(First Light over Canaan Valley, WV - where I grew up)

(First Light over Canaan Valley, WV - where I grew up)

Monday, July 4, 2011

Day 18 - "We come spinning out of nothingness, scattering stars like dust."

Happy Independence Day everyone!

As some of you might know, the fourth of July is my favorite holiday, bar none. I don't know exactly why, though I have some reason to believe it has to do with warm weather, charcoal-grilled picnic food, swimming, and, probably more than anything else, beautiful explosions of light to top it all off at the end of the day. These are what I associate with this holiday - a day off to enjoy the summer for what it truly is: family, friends, and a good time.

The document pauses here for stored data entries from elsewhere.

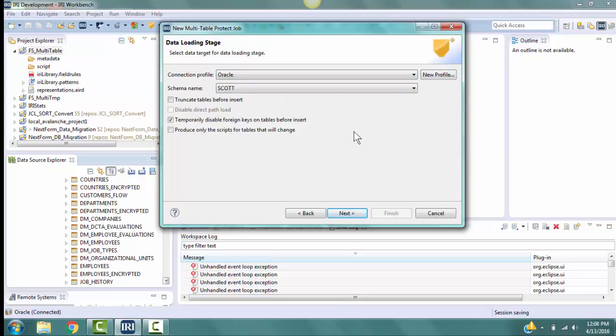These tables can go into different tables, a different database, or they can be loaded into the tables that they came from. Check the box for temporarily disable foreign keys on tables before insert. If we load to the same tables, be sure to click on the check box for truncate tables before insert.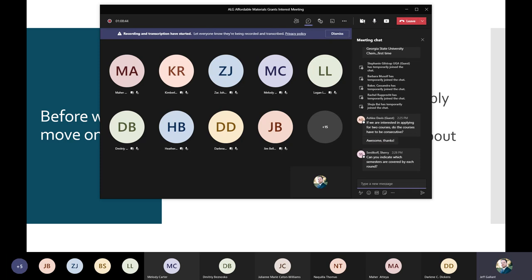A question about which semesters are covered: each round is a year long. Round 20 starts fall 2021 and goes through fall 2022. Continuous improvement grants can choose to end in summer 2022 or fall 2022. Round 21 starts spring 2022 and goes through spring 2023, with continuous improvement grants having the option to end in fall 2022.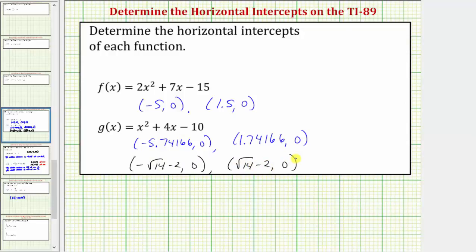So when using the graphing screen to determine horizontal intercepts, if the x coordinate is irrational, the graphing screen will only give us decimal approximations. But if we set the function equal to zero and use the solve function from the algebra menu, as long as the calculator is in exact or automatic mode, we can determine the exact x coordinates of the horizontal intercepts. I hope you found this helpful.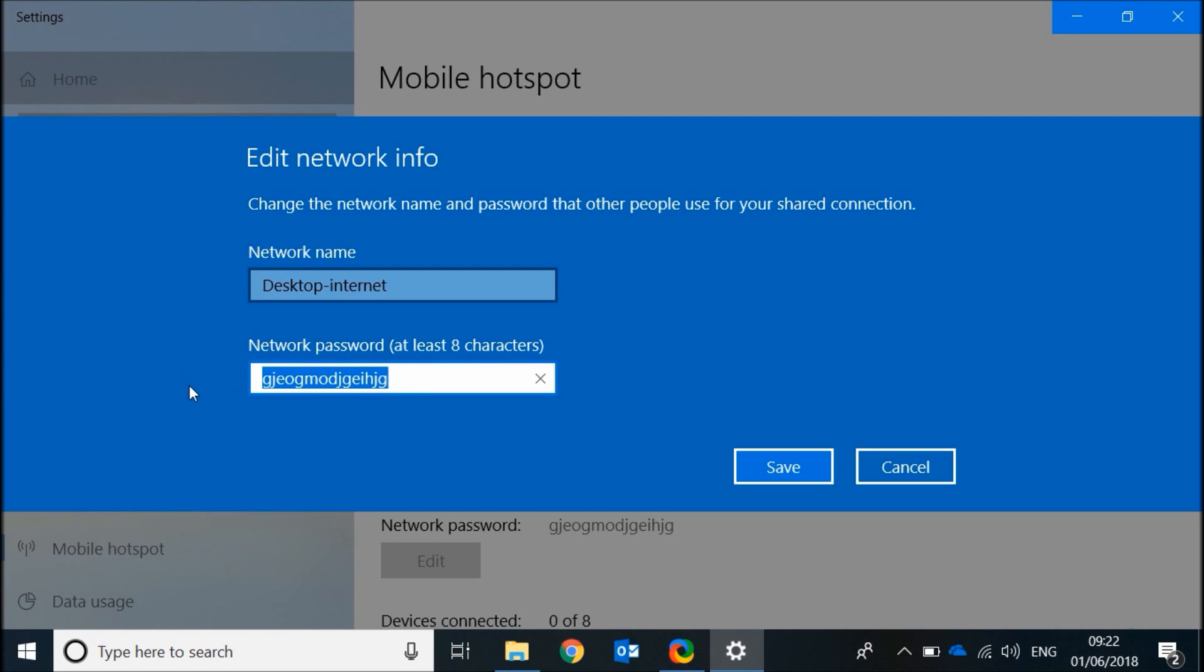Choose the password you will give to your friends to connect to your desktop internet network. Let's say password. Now click save.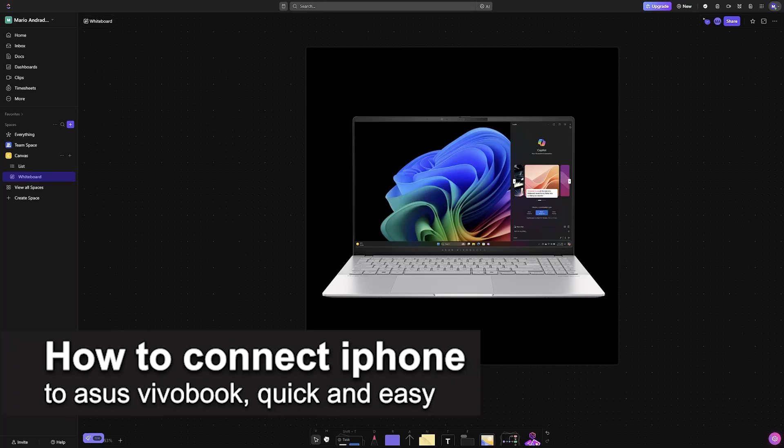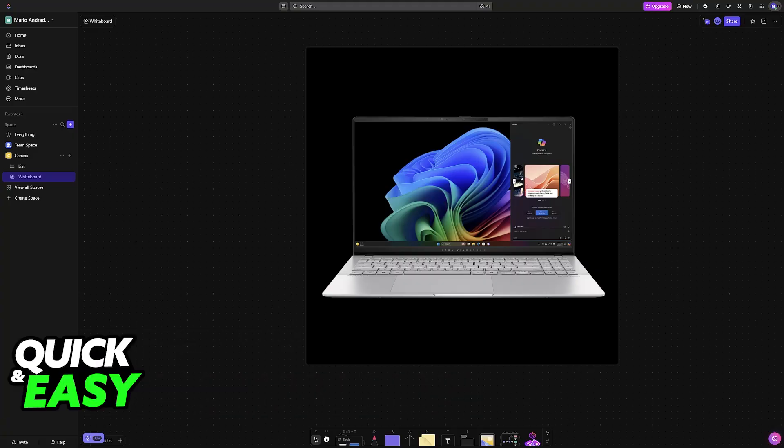In this video I'm going to teach you how to connect iPhone to ASUS VivoBook. It's a very easy process, so make sure to follow along. I'm going to give you easy to follow instructions.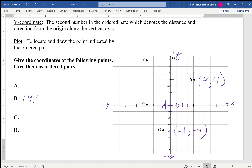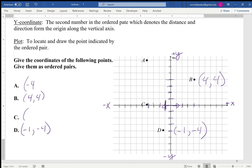So B is (4, 4), D is (-1, -4), A is at negative four on the x but positive seven on the y, so A is (-4, 7). C is also at negative four on the x but it's sitting right on the x-axis, so the y value is zero — it has no vertical component, giving us (-4, 0).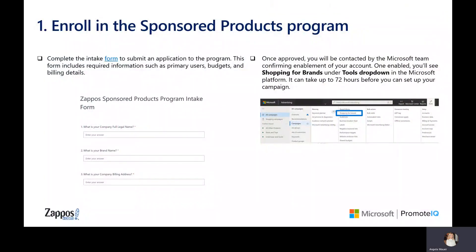You'll need to start by filling out the program intake form with your account information. After you submit the form, you will be contacted by the Microsoft team within three business days confirming that your account has been enabled.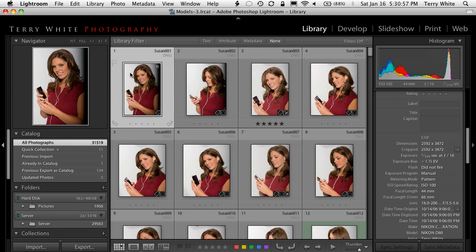Hello and welcome to another episode of the Adobe Creative Suite podcast. My name is Terry White and in this episode we're going to take a look at a Lightroom tip for all photographers and all Lightroom users that will probably speed you up.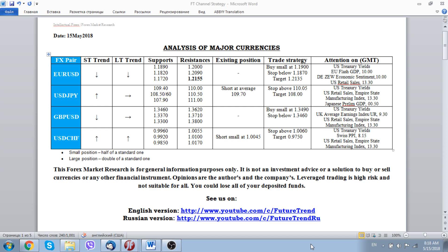This outlook is based on two important factors: the first is easing global trade tensions and an easing geopolitical situation around the world. The second important factor is the current strength of United States economic indicators, which is more or less solid, despite the last reading of United States consumer price inflation.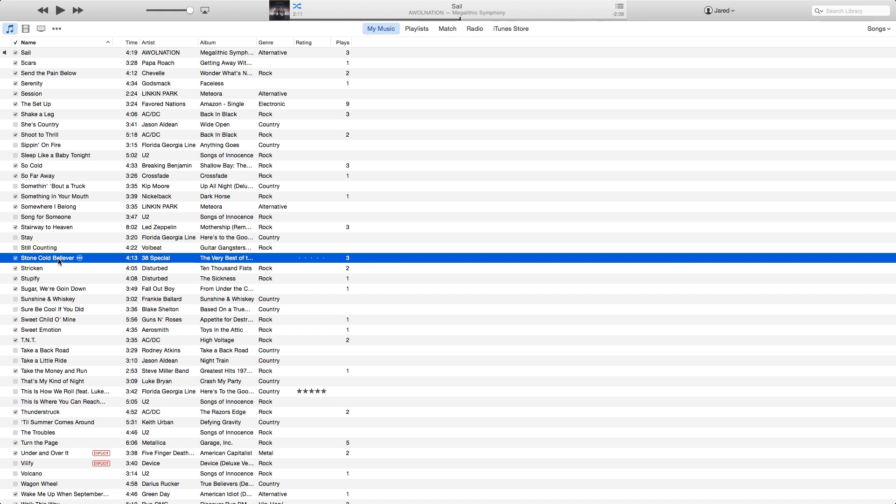Hey guys, this is Jared here from The Computer Drop. I'm going to show you how to convert an M4A file to MP3 via iTunes on the Mac.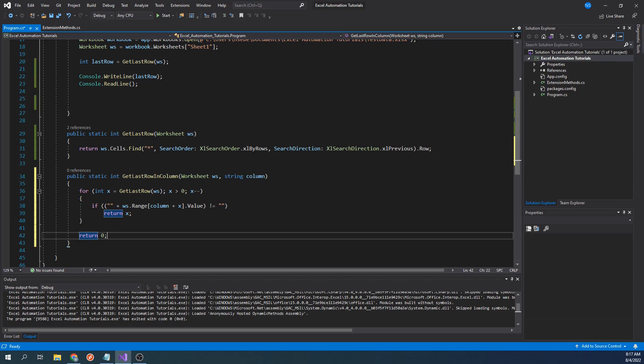I would recommend that when calling this function, we write code to handle for when this function returns 0, because otherwise, if you try to use the return value of 0 as a row number, it could cause a runtime error.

This year things have changed, and not so much for the better I'm afraid. It will not be the same fourth of July that it has been for years and years on end. Still, I have at least 22 or 23 happy memories of this day throughout my life and the one thing that still gets to me, more than anything else, are those fireworks. They never seem to fade or mean anything less to me - they are forever, and the feeling never changes. When I see them pop and glow in the summer night sky I am instantly four years old again. They are simply beautiful, and nothing can take that away for some reason - no pain, no sadness, no regret or loss that I am experiencing. That is why they are special to me, and in honor of that feeling I wrote this poem. The title is a direct quote from Rumi, a 13th-century Muslim poet - he is one of my favorites and I have always loved his views on the transformation of things and the experiences and vital processes of our lives. The quote itself actually seemed almost too appropriate for the subject matter - one wonders if Rumi was looking at a display of fireworks himself when he composed that line in his mind so many centuries ago?

I wish you all a wonderfully happy and colorful fourth of July this year. May it build upon your many other priceless memories of this most perfect of holidays. :)


“We come spinning out of nothingness, scattering stars like dust.”


Instinctively

the chest is clutched by the hand

and joyfully seized by memories of grinning childhood wonder.

The bursts of multicolored lights in the great divide

drive away all thoughts;
all words;
all of all that is, or was, or will be;

everything;
everything except the biding dark above.

We gaze up at the nothingness
in tender expectation,

and in those sudden, glorious, booming illuminations

the young one inside of us clutches at our chest with excitement.

And yet we cannot tear our eyes away
to consider what this means,

for our eyes have become the unyielding conductors of our soul.

And through the tiny keyholes in each of those doors

it crouches and stares intently, and smiles, instinctively,

in sweet, sublime puerility,

like nothing else ever was

or mattered

as much as this

skyful of enchanting fulminations.


Perhaps nothing does, or ever has, or ever will.